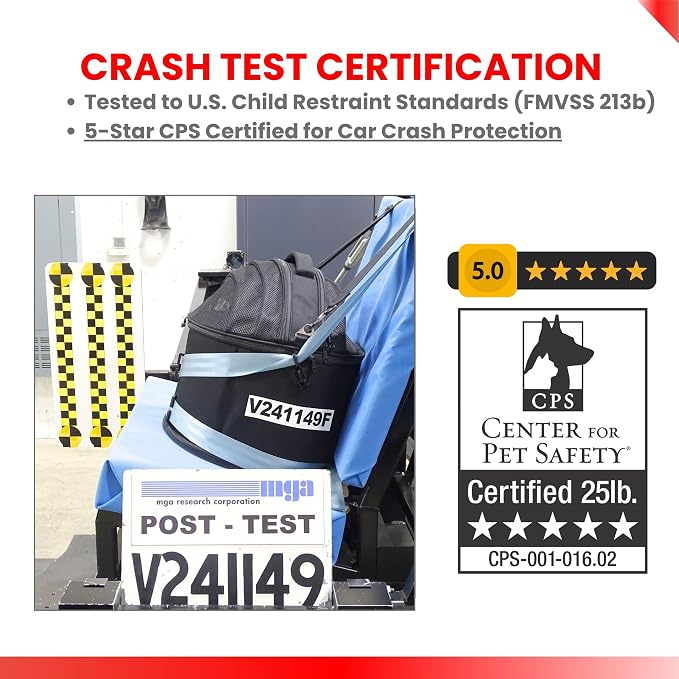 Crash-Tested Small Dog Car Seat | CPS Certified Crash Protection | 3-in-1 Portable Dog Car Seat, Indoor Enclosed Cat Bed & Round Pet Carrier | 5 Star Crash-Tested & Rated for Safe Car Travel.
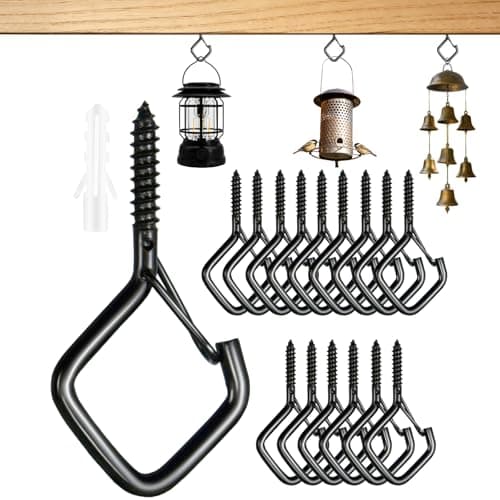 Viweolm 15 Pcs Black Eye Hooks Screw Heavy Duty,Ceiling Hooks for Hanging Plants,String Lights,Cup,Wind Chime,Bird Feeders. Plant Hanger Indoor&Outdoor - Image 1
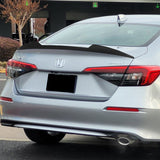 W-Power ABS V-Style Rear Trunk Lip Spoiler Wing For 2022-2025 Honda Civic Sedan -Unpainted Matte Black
+ + +
» **Work to complete**
Print only the lines from the one with "Viweolm 15 Pcs" through the last line of the data above, exactly and with both ends, and please omit any pictures.

» **Solution below**
 Viweolm 15 Pcs Black Eye Hooks Screw Heavy Duty,Ceiling Hooks for Hanging Plants,String Lights,Cup,Wind Chime,Bird Feeders. Plant Hanger Indoor&Outdoor - Image 1
 W-Power ABS V-Style Rear Trunk Lip Spoiler Wing For 2022-2025 Honda Civic Sedan -Unpainted Matte Black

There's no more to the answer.